_EXERCISE INPUTS_:
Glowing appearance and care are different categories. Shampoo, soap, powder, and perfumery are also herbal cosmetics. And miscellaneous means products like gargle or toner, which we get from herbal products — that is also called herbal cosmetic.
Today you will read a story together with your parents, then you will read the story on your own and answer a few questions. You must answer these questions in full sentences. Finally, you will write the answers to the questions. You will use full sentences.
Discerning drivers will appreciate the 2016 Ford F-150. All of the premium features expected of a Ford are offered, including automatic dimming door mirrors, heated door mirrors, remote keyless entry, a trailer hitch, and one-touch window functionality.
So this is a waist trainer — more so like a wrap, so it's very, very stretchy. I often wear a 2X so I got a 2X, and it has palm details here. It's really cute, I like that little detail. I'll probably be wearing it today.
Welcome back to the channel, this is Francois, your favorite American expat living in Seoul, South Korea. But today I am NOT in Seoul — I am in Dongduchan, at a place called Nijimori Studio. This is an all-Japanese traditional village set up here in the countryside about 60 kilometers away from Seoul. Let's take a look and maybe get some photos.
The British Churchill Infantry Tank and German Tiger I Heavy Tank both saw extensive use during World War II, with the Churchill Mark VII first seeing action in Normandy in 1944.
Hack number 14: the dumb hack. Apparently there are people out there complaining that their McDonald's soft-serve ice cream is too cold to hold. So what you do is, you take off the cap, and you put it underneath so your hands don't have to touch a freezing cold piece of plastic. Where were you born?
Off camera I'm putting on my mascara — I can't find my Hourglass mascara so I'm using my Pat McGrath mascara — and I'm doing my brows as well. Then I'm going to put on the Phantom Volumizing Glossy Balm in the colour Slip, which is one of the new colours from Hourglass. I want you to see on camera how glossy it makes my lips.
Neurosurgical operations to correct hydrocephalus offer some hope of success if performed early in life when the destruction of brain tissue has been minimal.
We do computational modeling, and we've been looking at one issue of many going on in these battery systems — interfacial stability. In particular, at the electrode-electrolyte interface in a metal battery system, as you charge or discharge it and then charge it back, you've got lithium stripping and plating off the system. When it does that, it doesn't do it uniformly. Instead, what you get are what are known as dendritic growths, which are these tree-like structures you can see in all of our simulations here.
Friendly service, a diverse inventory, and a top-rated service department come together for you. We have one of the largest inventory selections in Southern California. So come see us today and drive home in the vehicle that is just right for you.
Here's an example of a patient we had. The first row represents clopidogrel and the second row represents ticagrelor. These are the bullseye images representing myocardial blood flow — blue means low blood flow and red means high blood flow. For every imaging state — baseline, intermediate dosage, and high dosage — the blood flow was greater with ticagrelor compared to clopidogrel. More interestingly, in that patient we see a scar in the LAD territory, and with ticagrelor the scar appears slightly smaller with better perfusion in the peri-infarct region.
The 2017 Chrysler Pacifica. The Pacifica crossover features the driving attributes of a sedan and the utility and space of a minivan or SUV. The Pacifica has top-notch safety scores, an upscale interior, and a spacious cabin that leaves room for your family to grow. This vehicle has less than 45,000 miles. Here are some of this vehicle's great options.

_DESCRIPTION OF THE TASK_: Answer with one number only, the count of lines in the entries above that hold the string "have".

_RESPONSE BELOW_: 2